Police Lt. Sam Hunter and D.A. Cordelia Eastburn both come down hard on Bree, yet they're both fond of her-- Hunter in particular, and they serve as praiseworthy counterparts to the protagonist.
Bree's love life is in shambles, as she kicked boyfriend Payton McAllister, also an attorney, to the curb. He still crops up, however, like sour emotional chaff. Bree really has a thing for an old flame, Abel Trask, who was employed at her parents' estate in North Carolina. Fate has sent him-- and his semi-invalided wife-- to his deceased brother's horse farm, just outside of Savannah.
On the other hand, Bree's colleagues at Beaufort & Company-- Ron, Petru, and Lavinia-- aren't as engaging as the "real" personages. Fortunately, the author doesn't over-emphasize them. Bree's nonterrestrial vocation plays better on the level that the nose-twitching does in "Bewitched." Until she can create some characters as endearing and humorous as Endora, Uncle Arthur, and Aunt Clara, the author shouldn't overplay her hand with the fantastical elements of her plotting.

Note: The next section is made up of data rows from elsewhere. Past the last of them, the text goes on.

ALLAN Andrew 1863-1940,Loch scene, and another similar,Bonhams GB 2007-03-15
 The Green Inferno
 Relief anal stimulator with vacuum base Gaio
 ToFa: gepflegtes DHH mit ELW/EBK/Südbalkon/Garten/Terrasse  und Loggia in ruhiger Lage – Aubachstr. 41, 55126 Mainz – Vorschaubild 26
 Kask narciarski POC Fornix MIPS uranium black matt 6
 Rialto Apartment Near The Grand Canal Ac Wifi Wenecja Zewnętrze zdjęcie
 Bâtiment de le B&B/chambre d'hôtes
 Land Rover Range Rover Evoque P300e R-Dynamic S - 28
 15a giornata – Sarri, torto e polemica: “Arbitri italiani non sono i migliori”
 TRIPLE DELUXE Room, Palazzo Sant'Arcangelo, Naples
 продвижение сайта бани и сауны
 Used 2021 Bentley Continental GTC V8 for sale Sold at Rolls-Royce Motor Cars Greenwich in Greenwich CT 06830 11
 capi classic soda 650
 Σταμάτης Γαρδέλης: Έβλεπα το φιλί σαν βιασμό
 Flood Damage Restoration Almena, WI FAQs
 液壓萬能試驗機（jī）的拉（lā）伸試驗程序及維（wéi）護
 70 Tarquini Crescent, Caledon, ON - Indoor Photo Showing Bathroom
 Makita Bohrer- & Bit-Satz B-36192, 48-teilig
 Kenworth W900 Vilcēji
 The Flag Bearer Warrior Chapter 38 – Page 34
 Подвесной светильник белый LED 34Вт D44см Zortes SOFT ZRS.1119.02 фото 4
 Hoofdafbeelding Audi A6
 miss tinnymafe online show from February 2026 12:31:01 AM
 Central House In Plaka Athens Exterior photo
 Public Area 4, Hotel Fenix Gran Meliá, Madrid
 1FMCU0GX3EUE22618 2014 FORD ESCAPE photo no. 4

Of the three Beaufort & Company employees, Ron shows the most potential as an affable sidekick, while Petru is a bit of a mistake. Lavinia proves way too somber and dark. As Bree must confront plenty of forbidding, grave (literally and figuratively) characters in this branch of her practice, everyone she works with on a day-to-day basis ought to be a blithe spirit. If this series becomes too Bram Stoker and not enough Noel Coward, it's going to lose some of its drawing power.
Bree's representation of an ultra-rich, utterly out-of-control teenager (the daughter of a friend of Bree's Aunt Cissy-- also a nicely drawn character) who has robbed a Girl Scout of her cookie "dough" leads to Bree's discovery that the girl's father did not die in an automobie wreck, as accepted, but was actually murdered.
While Bree investigates the dysfunctional thicket of the girl's family and the thorny aspects of the family business, she seeks proof of the murder to take to Sam and Cordelia. Meanwhile, she's working on the "celestial case" of the girl's deceased father.
This setup allows for a nicely constructed whodunit. The author's fine-tuned stylistics and "real" characters contribute to a recommended entry in a fresh series that should go far, as long as it strikes a balance between the natural and the supernatural.